A+b, B+c do a work in 12 and 16 days
if A work for 5 days and B work for 7 days
and c complete the remaining work in 13 days.
Then find c would complete the work in how
many days ?
Answers
Step-by-step explanation:
24 Days
Let us say that A takes 'a' days to finish the work, B takes 'b' days to finish the work and C takes 'c' days to finish the work.
=> A in one day will do 1/a units of work, and similarly B and C will do 1/b and 1/c units of work in one day.
We are given that A and B together can finish the work in 12 days
=> 1/a + 1/b = 1/12
Similarly, we are also given that B and C together can finish the work in 16 days
=> 1/b + 1/c = 1/16
We also know that the work can be finished if A works for 5 days, B for 7 Days and C for 13 days
=> 5/a + 7/b + 13/c = 1
So, we have three equations and three variables. We can solve them to get the individual values of 'a', 'b' and 'c'. We are asked to find out in how many days would C alone finish the work.

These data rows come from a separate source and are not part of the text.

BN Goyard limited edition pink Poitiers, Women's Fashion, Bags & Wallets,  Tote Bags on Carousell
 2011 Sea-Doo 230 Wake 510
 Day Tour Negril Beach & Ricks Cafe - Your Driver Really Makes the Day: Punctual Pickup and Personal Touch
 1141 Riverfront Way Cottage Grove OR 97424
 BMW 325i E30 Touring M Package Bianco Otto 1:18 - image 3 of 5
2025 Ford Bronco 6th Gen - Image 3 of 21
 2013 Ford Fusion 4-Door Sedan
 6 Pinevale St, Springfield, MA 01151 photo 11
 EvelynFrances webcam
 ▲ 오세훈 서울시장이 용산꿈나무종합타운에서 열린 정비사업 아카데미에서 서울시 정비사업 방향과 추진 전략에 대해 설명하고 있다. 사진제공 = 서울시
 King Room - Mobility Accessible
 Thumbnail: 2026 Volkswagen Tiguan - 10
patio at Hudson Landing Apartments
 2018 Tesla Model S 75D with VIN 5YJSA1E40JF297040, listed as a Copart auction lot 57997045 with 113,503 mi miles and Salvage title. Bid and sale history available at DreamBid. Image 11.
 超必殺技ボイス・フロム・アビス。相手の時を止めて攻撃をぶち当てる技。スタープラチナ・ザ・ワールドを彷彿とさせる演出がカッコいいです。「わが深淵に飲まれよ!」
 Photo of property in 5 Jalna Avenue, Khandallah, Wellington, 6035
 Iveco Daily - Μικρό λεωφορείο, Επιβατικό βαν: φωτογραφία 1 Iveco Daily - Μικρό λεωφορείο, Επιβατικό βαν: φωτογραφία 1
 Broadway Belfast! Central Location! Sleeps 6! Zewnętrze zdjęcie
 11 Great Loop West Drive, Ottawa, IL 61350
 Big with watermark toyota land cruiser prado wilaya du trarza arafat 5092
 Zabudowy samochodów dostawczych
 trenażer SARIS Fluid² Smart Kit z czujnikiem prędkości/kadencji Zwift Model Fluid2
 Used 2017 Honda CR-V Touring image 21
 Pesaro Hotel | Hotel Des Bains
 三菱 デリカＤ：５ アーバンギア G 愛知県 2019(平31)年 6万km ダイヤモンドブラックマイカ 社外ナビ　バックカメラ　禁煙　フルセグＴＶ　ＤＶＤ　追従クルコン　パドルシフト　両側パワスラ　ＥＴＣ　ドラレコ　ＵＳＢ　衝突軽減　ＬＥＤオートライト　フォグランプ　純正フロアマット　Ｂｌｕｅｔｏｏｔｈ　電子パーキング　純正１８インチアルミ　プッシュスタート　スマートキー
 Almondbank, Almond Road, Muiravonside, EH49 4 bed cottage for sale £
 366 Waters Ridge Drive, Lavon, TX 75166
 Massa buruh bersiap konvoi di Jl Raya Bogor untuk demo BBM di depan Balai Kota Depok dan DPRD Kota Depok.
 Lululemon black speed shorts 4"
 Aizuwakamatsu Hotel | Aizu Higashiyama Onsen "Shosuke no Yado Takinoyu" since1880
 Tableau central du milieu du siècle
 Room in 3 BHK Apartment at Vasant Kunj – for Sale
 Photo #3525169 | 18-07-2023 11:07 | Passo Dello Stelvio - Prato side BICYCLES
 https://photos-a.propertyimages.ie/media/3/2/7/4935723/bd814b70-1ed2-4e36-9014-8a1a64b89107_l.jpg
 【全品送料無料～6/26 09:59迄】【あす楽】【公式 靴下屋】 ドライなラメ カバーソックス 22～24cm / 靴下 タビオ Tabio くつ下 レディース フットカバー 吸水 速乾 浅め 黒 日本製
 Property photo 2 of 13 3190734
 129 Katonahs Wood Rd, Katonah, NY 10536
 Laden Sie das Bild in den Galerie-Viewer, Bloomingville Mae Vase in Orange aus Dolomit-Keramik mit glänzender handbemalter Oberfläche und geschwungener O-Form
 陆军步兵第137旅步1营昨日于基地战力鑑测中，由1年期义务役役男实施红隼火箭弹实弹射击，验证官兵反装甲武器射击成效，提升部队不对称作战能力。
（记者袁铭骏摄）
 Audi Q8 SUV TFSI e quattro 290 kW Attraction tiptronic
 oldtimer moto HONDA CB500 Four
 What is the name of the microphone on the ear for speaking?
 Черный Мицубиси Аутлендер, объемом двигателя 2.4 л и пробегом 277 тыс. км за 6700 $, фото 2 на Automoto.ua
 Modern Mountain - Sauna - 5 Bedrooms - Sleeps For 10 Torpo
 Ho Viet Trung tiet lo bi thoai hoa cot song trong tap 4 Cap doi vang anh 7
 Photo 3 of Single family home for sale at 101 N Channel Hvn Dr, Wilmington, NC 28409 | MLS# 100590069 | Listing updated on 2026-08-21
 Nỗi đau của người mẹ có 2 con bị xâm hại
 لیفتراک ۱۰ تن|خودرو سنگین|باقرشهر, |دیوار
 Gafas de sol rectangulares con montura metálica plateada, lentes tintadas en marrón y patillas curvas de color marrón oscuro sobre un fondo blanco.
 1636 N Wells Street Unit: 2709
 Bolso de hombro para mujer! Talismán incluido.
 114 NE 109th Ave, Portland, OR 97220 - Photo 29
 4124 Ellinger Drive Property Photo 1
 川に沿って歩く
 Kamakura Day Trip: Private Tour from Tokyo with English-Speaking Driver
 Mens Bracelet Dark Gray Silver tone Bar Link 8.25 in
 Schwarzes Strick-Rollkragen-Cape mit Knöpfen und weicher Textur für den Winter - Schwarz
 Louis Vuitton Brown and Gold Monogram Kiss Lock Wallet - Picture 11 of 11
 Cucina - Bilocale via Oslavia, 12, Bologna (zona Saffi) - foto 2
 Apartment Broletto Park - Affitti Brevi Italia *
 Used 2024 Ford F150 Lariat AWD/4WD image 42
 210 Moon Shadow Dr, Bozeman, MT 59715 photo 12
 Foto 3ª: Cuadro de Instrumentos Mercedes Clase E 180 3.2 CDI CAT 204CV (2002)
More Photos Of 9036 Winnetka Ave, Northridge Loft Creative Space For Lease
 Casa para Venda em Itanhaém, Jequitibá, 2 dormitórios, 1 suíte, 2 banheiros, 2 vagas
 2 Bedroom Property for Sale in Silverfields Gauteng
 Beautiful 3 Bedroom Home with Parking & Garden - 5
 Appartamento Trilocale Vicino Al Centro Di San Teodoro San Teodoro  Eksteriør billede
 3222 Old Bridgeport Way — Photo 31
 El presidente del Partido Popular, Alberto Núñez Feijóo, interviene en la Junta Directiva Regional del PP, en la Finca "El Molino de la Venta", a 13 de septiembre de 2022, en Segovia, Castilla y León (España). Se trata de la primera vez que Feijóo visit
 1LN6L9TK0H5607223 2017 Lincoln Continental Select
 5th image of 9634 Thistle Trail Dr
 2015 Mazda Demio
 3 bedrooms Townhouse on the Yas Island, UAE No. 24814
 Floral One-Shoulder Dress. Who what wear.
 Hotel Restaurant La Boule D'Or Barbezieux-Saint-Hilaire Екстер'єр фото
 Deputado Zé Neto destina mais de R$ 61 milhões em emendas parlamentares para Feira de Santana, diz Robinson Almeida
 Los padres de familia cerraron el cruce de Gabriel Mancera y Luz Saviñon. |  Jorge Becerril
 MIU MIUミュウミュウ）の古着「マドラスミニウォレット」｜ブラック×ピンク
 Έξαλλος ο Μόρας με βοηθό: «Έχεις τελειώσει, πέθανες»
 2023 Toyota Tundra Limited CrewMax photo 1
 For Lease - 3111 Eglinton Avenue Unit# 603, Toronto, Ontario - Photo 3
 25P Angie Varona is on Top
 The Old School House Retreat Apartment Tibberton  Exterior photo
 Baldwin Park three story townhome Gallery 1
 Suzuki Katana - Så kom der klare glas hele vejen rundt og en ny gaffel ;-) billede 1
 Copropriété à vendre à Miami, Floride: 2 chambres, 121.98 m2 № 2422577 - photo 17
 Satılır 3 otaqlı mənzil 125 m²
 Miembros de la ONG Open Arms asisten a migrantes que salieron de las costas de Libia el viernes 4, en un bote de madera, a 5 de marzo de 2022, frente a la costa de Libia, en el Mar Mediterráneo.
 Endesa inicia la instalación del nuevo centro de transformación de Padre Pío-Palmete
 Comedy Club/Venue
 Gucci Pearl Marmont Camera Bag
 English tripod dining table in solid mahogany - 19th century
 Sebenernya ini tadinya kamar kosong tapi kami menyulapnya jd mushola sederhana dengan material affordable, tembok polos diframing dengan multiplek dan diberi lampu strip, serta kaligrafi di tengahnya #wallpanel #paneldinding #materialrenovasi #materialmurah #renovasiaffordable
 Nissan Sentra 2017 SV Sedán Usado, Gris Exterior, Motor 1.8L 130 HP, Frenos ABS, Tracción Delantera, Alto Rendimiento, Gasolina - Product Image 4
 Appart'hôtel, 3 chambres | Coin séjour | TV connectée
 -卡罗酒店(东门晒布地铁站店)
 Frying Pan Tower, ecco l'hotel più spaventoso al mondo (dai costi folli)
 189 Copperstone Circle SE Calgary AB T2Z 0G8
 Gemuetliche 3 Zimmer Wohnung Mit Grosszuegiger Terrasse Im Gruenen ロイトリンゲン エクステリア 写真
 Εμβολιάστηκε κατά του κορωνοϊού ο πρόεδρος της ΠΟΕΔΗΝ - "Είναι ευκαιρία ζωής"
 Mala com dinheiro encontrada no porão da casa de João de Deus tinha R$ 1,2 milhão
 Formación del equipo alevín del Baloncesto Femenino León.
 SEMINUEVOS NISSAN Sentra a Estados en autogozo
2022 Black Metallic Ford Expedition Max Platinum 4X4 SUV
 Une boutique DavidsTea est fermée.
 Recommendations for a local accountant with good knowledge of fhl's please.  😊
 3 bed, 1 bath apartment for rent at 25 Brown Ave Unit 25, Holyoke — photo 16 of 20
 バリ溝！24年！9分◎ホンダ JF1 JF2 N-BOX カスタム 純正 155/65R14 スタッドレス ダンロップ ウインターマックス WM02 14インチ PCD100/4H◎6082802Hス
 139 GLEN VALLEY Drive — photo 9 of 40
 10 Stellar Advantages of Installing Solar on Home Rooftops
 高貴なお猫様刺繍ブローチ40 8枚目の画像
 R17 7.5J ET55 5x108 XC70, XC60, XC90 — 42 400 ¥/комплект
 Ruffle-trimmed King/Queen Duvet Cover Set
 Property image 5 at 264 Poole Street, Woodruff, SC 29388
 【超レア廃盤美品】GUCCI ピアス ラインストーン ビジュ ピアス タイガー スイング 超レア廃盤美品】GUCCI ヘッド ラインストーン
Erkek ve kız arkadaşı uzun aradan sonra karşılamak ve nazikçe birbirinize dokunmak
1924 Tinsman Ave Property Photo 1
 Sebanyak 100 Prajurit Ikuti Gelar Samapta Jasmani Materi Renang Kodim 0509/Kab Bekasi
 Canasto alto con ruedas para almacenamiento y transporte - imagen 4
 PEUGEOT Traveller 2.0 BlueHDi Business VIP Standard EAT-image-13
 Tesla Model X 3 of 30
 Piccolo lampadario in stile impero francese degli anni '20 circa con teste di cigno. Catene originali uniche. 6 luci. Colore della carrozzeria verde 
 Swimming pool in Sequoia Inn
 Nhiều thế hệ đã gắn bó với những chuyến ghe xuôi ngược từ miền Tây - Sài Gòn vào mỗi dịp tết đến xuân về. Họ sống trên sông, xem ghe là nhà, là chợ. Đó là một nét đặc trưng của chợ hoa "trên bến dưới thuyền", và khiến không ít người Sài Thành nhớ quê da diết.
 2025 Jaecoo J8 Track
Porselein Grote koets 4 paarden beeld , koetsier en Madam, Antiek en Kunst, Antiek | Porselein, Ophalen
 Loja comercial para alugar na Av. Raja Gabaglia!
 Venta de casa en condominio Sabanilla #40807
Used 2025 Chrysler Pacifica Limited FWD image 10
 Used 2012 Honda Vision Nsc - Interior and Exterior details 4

So, we are asked to find out the value of 'c'.
If we multiply the first equation with 5 and the second equation with 2 and add them up, we will get
5(1/a + 1/b) + 2(1/b + 1/c) = 5/12 + 2/16
=> 5/a + 7/b + 2/c = (20 + 6)/48 = 26/48
=> 5/a + 7/b + 2/c = 13/24
If we subtract the above equation from the third equation, we will get
(5/a + 7/b + 13/c) - (5/a + 7/b + 2/c) = 1 - 13/24
=> 11/c = 11/24
=> c = 24
So, we can say that C alone will take 24 days to complete the work.